1. Missing a Creditor Payment

This may sound like a no brainer, but missing a credit card payment could be detrimental to both your current and future credit. Missing just one payment can make your credit score drop. If you make a habit of missing payments because you don’t see an immediate effect, think again. While you’re feeling comfortable, your credit score is plummeting, making it more challenging for you to obtain credit in the future. To add salt to the wound, delaying or missing payments will typically result in a late payment penalty, making it more challenging for you to obtain credit in the future.

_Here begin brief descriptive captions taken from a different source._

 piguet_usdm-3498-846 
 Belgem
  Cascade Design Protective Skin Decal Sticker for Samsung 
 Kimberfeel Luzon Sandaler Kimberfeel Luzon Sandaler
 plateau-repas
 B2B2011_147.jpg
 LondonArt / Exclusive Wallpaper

2. Closing Old Credit Card Accounts

You have paid off your credit card; congratulations! Some people who are tired of debt immediately choose to close a credit card they have just paid off. You might want to think twice before you close out those old accounts as about 30% of your credit score is based on the amount of debt you have charged. The lower the amount of credit card debt you carry, the better it is for your credit rating due to your “credit utilization rate.” By closing old credit card accounts, you could throw off your credit utilization rate and unintentionally lower your credit score.

3. Accepting Too Many Retail Incentive Card Offers

I know it can be tempting to say yes to the smiling sales associate at your favorite retail store who offers you a 15% discount for opening a credit card, but just say no. Retail credit cards carry much higher interest rates than national brand cards, and applying for that new credit card triggers a hard inquiry on your credit report. Each inquiry of credit may cause a “ding” on your credit score. These inquiries add up fast, and may have a detrimental impact on your credit score.

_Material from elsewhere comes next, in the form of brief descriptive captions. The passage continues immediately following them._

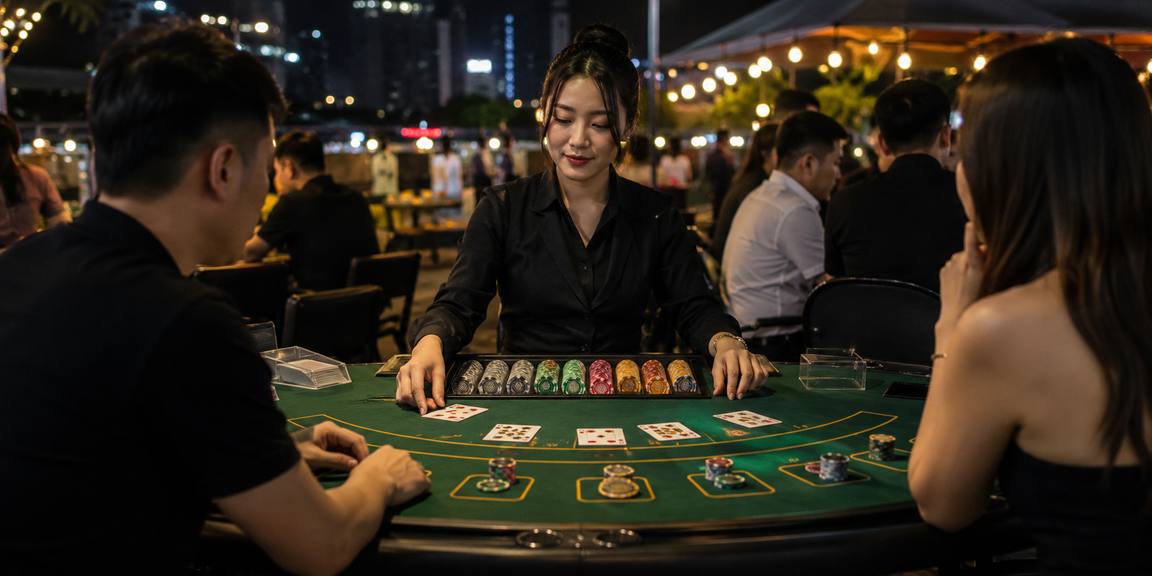 a620m Thư viện trò chơi đầy đủ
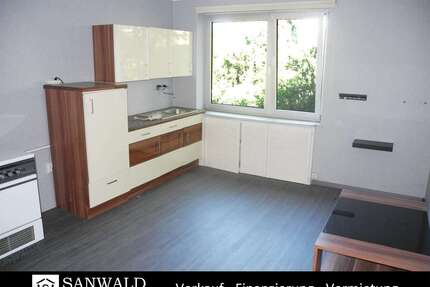 Wohnung zum Mieten in Gelsenkirchen 290,00 € 30 m²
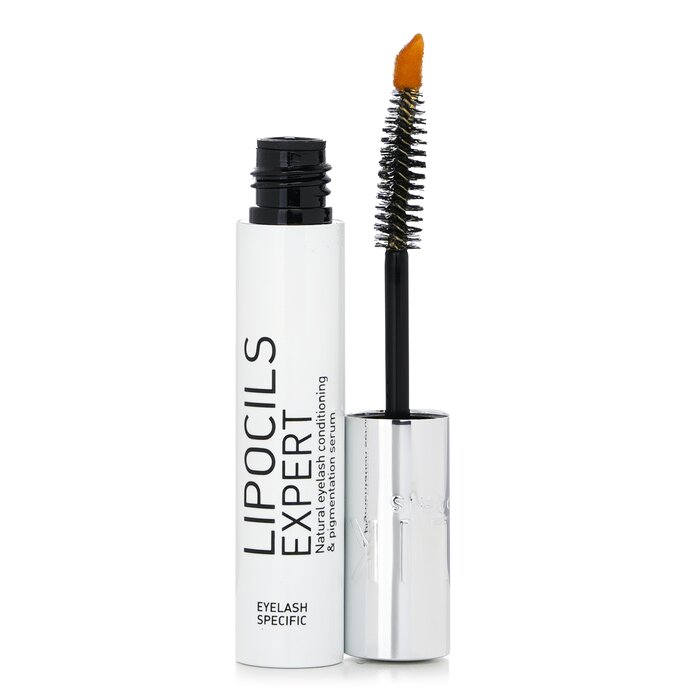 Talika Lipocils Expert Eyelash Growth Serum 3.8ml/0.1ozProduct Thumbnail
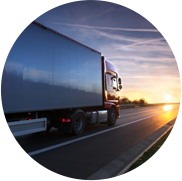 TLC Transportacion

4. Opening Too Many New Credit Card Accounts

If you open too many new accounts in a short period of time, you may be risking your credit score. Each time your credit is “run” by a creditor to determine your eligibility, your credit score takes a hit. Hard inquiries, as mentioned above, can deduct about 5 points from your score. A familiar example of this happening is someone who purchases a house and opens multiple credit cards at the same time to buy furnishings and other items for their new home. Restrain yourself and buy a little at a time.

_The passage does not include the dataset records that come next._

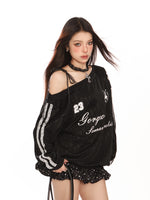 O1CN01cNZUnT29aWmqzYbIu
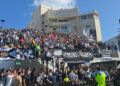 celebracion-victoria-ad-ceuta-merida-futbol-005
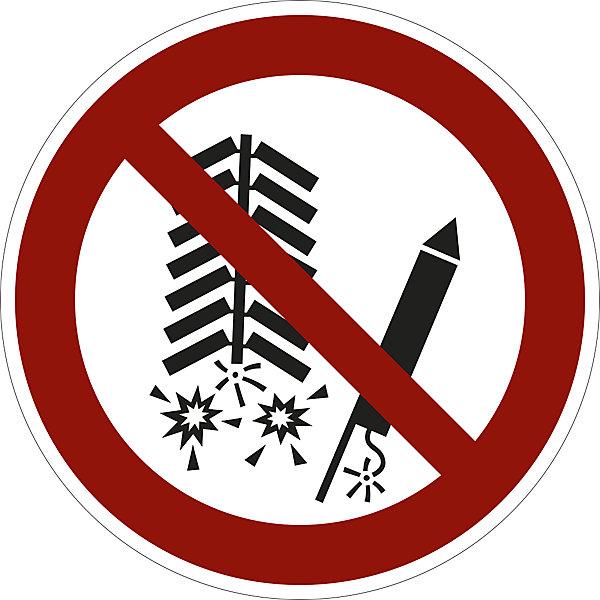 Image du produit Marahrens Signaux d'interdiction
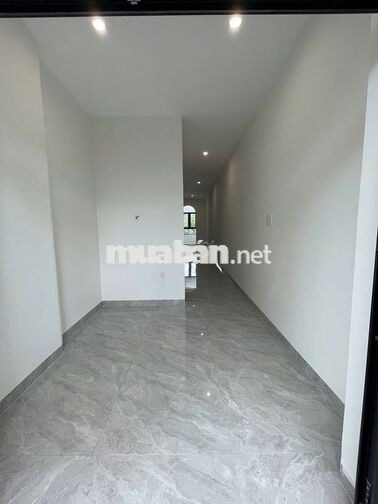 Cho thuê nhà 2 tầng 3PN KĐT Phước Lý / 2-Storey House 3BR Phước Lý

5. Shopping Too Long for a Loan

When shopping for a large loan, like a home mortgage, it is important to shop around for a low interest rate. In fact, interest rates can change daily, and could be much lower a month from your first credit inquiry. However, shopping too long for a loan could actually hurt your credit score. Although mortgages and auto loan inquiries will appear on your credit report, they will only count once as long as they are done within a short period of time, typically within 45 days. So, when you make the decision to shop, make sure you’re ready.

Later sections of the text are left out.